While it feels like her Insta-fame came overnight, Sarah says that it’s been about 6 years of growth. She works with brands that she genuinely loves, some of which include Well.ca, Urban Decay, RBC, Booster Juice, Etsy, and Value Village, among many others. One of her most recent partnerships is with Knix. Sarah started as a customer who loved their products and felt strongly enough to share their messages on her own social media, even though she didn’t start working with them until recently.
Sarah tries to work with approximately four brands per month, about one to two brands per week, in order to minimize the number of sponsorships she exposes her followers to. “As much as it’s incredible when a brand comes alongside you, to support you, you also have to really respect why people are following you.
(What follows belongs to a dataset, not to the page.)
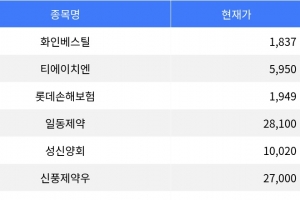 기사로 이동 - 화인베스틸, 등락률 -9.95% 기록하며 장 마감
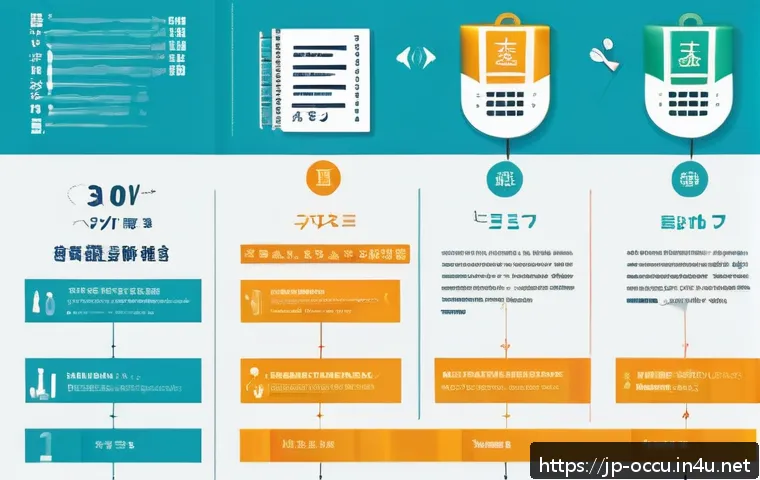 응급구조사 자격증 유지 비용 관련 이미지 1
And they are following you because they want advice, or they want to feel something from you, and when somebody comes to sponsor you, they’re not sponsoring you, they’re buying into the feed of the people that watch you and read you.” Sarah respects the relationship she has with her followers and wants to share the brands she genuinely loves.
Now partnered with Knix, Sarah commutes to Toronto once a week to meet with their team as a consultant. This includes working with ambassadors, participating in events, and a variety of other jobs the Knix team needs her to do.
With a significant increase in her following over the last year, Sarah has also noticed an increased number of negative feedback from people over social media, better known as “trolls.” She says that the bigger your following grows, the more people feel like they can dehumanize you. Sarah explains that while it will almost always hurt to hear these comments, she continues to speak from the heart and spread messages she’s passionate about.
Sarah says that her biggest tool that she uses to grow her following is her passion. She began to prioritize her words, and pair photos with strong captions in order to have her passion shine through.
Another tool she finds valuable is Instagram stories. She says that her stories are her strongest point of engagement with her followers: “in terms of my posts, I’ll usually get somewhere between 2,000 to 10,000 engagements, but my stories get about 25,000 views a day.”
Engagement with her followers is more valuable to Sarah than competition and pursuing popularity. “I just really stayed intentional with my own audience. If they came to follow me, I was going to stay intentional with them as much as humanly possible.”
She says that she spends about two to three hours each day engaging with her audience. “I really do believe that the best way to grow is through collaboration.”
Sarah doesn’t consider herself famous because, although she experiences moments of fame, she says her voice is smaller in the grand scheme of things. “It’s something that I could walk away from at any time and my life would probably be undisrupted from the everyday. A lot of people who have real fame never really get that back.”
Now at age 33, Sarah says she’s the happiest she’s ever been. “It’s not a status thing, it’s not a weight thing, it’s nothing like that, I just really really feel like even though life has kind of been up and down, I finally feel worth having a life that I’m excited about waking up for every single day.”
Sarah is grateful and proud that she was able to take things that she never thought was possible, like getting out of a bad marriage, or feeling happy with her body, or improving her mental health, and turn them into her reality. “All of these things that were basically mental roadblocks that I told myself were never going to change. And then I finally just started to push back on one of them and when you push back on one of them you’re like, ‘hey I can push back on more.’ And when you start pushing back on these roadblocks that you realize you’ve created yourself, you just start opening doors for more and more happiness.”
Although Sarah is enjoying where she is in her life now, she is excited about the future. Her short-term goals are to start a podcast, blog without pressure, and continue to build her voice through social media. She says she is taking some time for a “season of listening” because she is done trying to predict where life is going to take her.